ISLET ALLO TRANSPLANTATION
IN PATIENTS WITH KIDNEY GRAFT
Pancreatic Islet Allo Transplantation
in Patients with Stable Kidney Graft Function
Information for Organ Procurement Organizations
Catastrophic decline of allo-ITx events in USA.
Graph is a curtesy of Dr. Franca Barton, Collaborative Islet Transplantation Registry sponsored by NIH, USA
Current Regulations Regarding Pancreatic Islet Transplantation in the US.
Although pancreatic islet allotransplantation for patients with T1DM has been performed in the USA for last 16 years, it is still considered a research, an experimental procedure.
Regulations introduced by FDA and CMS for islet transplantation over 16 years led to the first clinical trial for islet Tx sponsored by NIH (Collaborative islet Transplantation- CIT).
According to regulations at that time, Tx centers were required to pay a full clinical organ acquisition fee but CMS or NIH were reimbursing that cost to Tx centers.
Once the trial was accomplished over 7 years, CMS and NIH stopped reimbursing centers for the organ acquisition fee, but CMS instructions for OPOs has NOT been adjusted.
Therefore, OPOs often feel still obligated charging the same high, clinical organ acquisition fee but the difference is that neither CMS, nor NIH and any the insurance company reimburse tx centers for that.
Unfortunately, islet Tx procedure still remains experimental in the US and performed ONLY as a clinical RESEARCH studies completely funded by Tx Centers., with No CMS, NIH or any insurance company support.
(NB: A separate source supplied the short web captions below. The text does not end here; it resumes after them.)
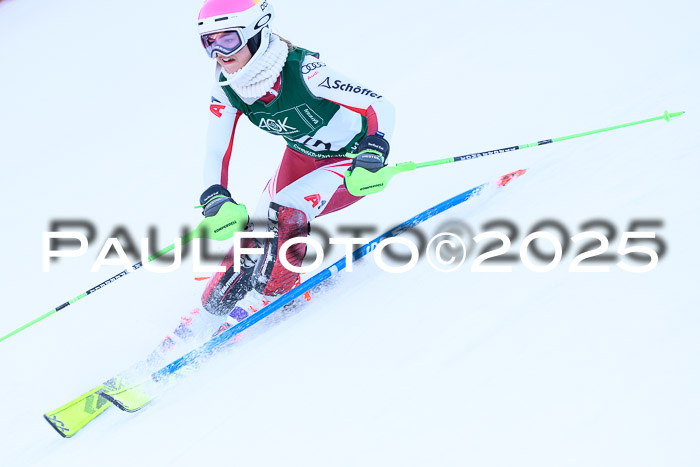 FIS Slalom Damen + Herren, 08.03.2025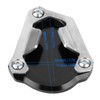 Kickstand Extension Pad Side Stand Enlarger Fit for Triumph Scrambler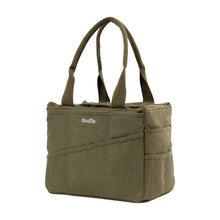 Load image into Gallery viewer, Soolla Studio Bag - Deep Forest Green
In such situation Tx centers cannot afford paying such a high clinical organ aqusition fee so they stop accepting pancreata and stop performing islet Tx research and procedures.. As a result, now the whole field of islet transplantation is about to extinct in the US, whereas it is in progress in Canada, Europe and Australia.
Current regulations regarding pancreas for islet transplantation today in the US cause that every day human pancreata offered as a gift of life by a generous donor and donor's family are wasted, not recovered instead of benefiting other people, very sick patients, benefitting research and progress in the field..
All together, CMS should NOT require from OPO anymore to charge a full clinical organ acquisition fee ($25,000- $50,000) from research Transplant Centers for performing still experimental procedure, since CMS stop reimbursing centers for that.
Accordingly, OPO should charge the same research fee for pancreas used for research islet transplantation, the same fee as applied to any other organ for research purposes.
Why do we look for partnerships with Organ Procurement Organizations?
Having exciting outcomes with islet transplants alone (see our patient stories), we would like also to prove safety and effectiveness of islet transplantation in a different group of T1DM patients, those who have already received kidney transplant and are established on stable immunosuppression. We believe, that islet transplantation would substantially improve patient's glucose control and quality of life by preventing progression of secondary diabetic related complications without major surgery related to a whole pancreas transplantation..
As we know, organ acquisition fees paid by transplant centers allows OPOs to recover the cost of their activity.
Transplant centers then recover their cost from insurance after completion of the clinical transplant.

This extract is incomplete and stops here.